Professor Ratnam’s dissertation, titled Dwelling in the Forest: Nature, Power, and Society in Tribal Central India is presently being revised for publication. The dissertation explored the poetics and politics of everyday living in a ‘tribal’ or ‘adivasi’ landscape in eastern Madhya Pradesh, in the context of the enactment of the Forest Rights Act. Her continuing and expanding areas of interest include human-non human relationships, ecological futures in an era of climate change, and the relationship between politics and aesthetics. Professor Ratnam specialises in ethnographic and field-based research methods, bringing her understanding of the lived experience of communities to bear on wider conversations about environmental justice, state power and development.

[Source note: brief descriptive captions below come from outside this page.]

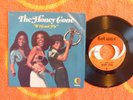 HONEY CONE If I Can't Fly 45 rpm PROMO w/ PICTURE SLEEVE Hot Wax 1973 Soul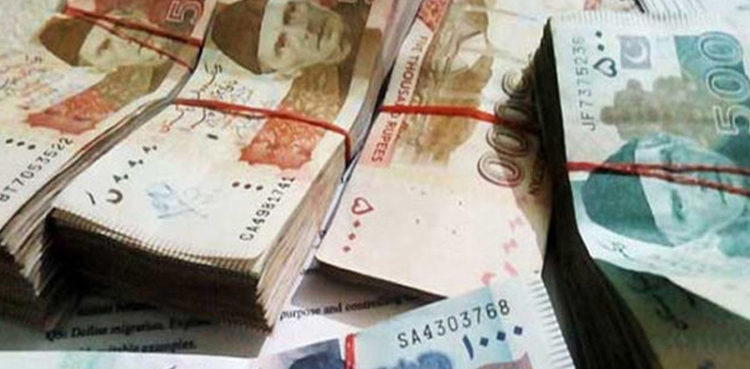بیٹے نے ماں کے 8 لاکھ روپے چرالئے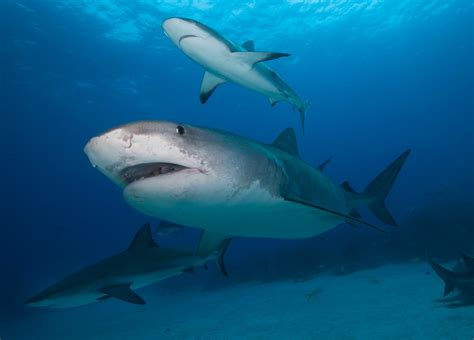 The world’s most dangerous sharks, and how to defeat them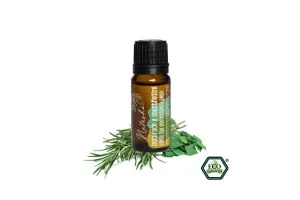 Natasha Mieszanka olejków eterycznych (10 ml) - Inspiracja i koncentracja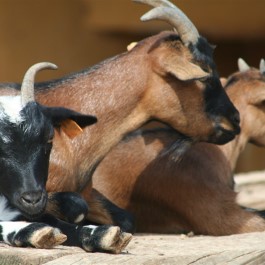 Zoo de Lagos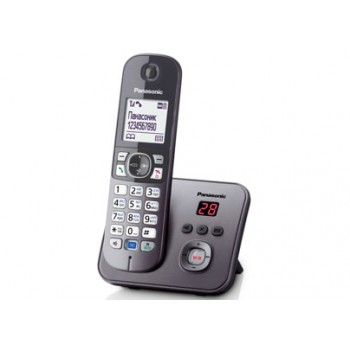 Радиотелефон Panasonic KX-TG6821RuM, серый металлик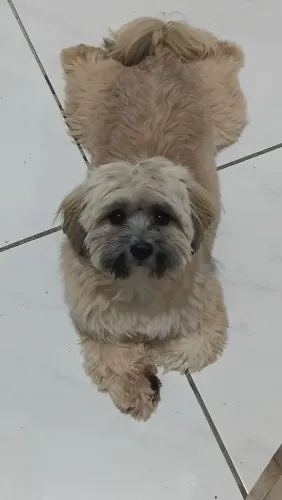 Raça lha apso Para cruzar.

A graduate of Delhi University, Professor Ratnam received her PhD in Anthropology from Johns Hopkins University in the US in 2017. Her doctoral research was funded by prestigious grants from the Wenner-Gren Foundation for Anthropological Research and the American Institute of Indian Studies. She has previously held teaching positions at Ashoka University and the Delhi School of Economics, and has taught both undergraduate and postgraduate students.